Men like to barbecue. Men will cook if danger is involved.
Men are very confident people. My husband is so confident that when he watches sports on television, he thinks that if he concentrates he can help his team. If the team is in trouble, he coaches the players from our living room, and if they're really in trouble, I have to get off the phone in case they call him.
Men like phones with lots of buttons. It makes them feel important.
Men love to be the first to read the newspaper in the morning. Not being the first is upsetting to their psyches.
A good place to meet a man is at the dry cleaners. These men usually have jobs and bathe.
All men hate to hear "We need to talk about our relationship." These seven words strike fear in the heart of even General Schwarzkopf.
Men are sensitive in strange ways. If a man has built a fire and the last log does not burn, he will take it personally.
Men have higher body temperatures than women. If your heating goes out in cold weather, I recommend sleeping next to a man. Men are like portable heaters that snore.
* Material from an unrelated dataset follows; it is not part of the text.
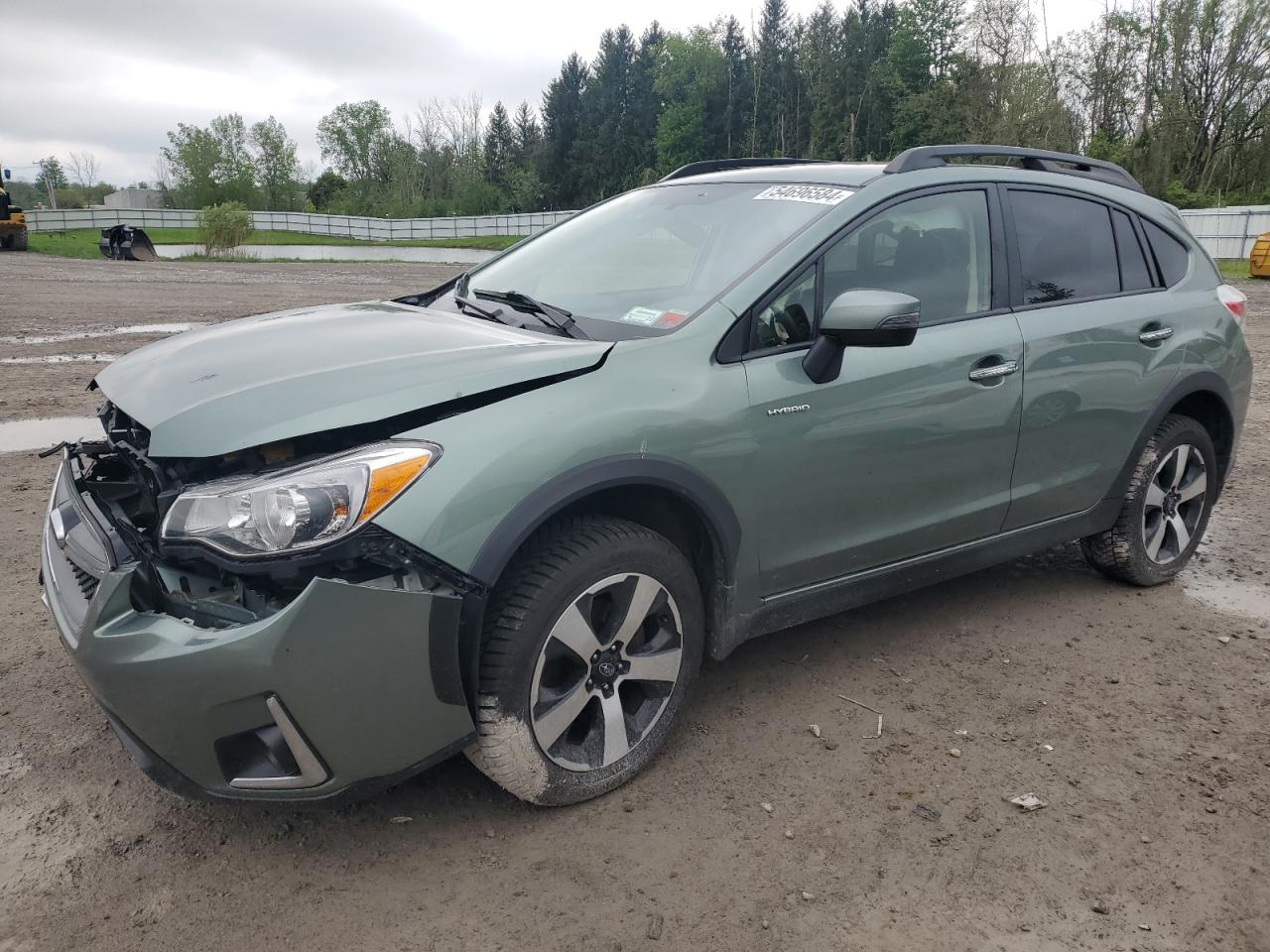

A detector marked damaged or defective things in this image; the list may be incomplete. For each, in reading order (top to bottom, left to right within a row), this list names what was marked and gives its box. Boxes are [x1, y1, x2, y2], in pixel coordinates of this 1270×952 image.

crumpled front bumper [41, 458, 476, 801]
broken headlight assembly [159, 442, 441, 563]
damaged green suv [40, 147, 1254, 801]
Women take clothing much more seriously than men. I've never seen a man walk into a party and say "Oh, my God, I'm so embarrassed; get me out of here. There's another man wearing a black tuxedo."
Most men hate to shop. That's why the men's department is usually on the first floor of a department store, two inches from the door.
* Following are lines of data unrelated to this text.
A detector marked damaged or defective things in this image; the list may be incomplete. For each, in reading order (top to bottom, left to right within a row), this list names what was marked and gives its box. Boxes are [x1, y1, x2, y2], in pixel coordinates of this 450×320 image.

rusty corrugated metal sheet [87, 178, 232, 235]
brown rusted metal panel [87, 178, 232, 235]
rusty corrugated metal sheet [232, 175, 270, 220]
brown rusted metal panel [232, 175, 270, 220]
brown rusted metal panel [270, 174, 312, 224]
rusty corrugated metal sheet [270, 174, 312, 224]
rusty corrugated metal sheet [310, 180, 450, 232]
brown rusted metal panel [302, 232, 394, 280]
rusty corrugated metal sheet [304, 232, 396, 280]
If a man prepares dinner for you and the salad contains three or more types of lettuce, he is serious.
When four or more men get together, they talk about sports.
When four or more women get together, they talk about men.
Most women are introspective: "Am I in love? Am I emotionally and creatively fulfilled?" Most men are outrospective: "Did my team win? How's my car?"
If a man says, "I'll call you," and he doesn't, he didn't forget... he didn't lose your number... he didn't die. He just didn't want to call you.
Getting rid of a man without hurting his masculinity is a problem. "Get out" and "I never want to see you again" might sound like a challenge. If you want to get rid of a man, I suggest saying, "I love you... I want to marry you... I want to have your children." Sometimes they leave skid marks.
Men forget everything; women remember everything.
That's why men need instant replays in sports. They've already forgotten what happened.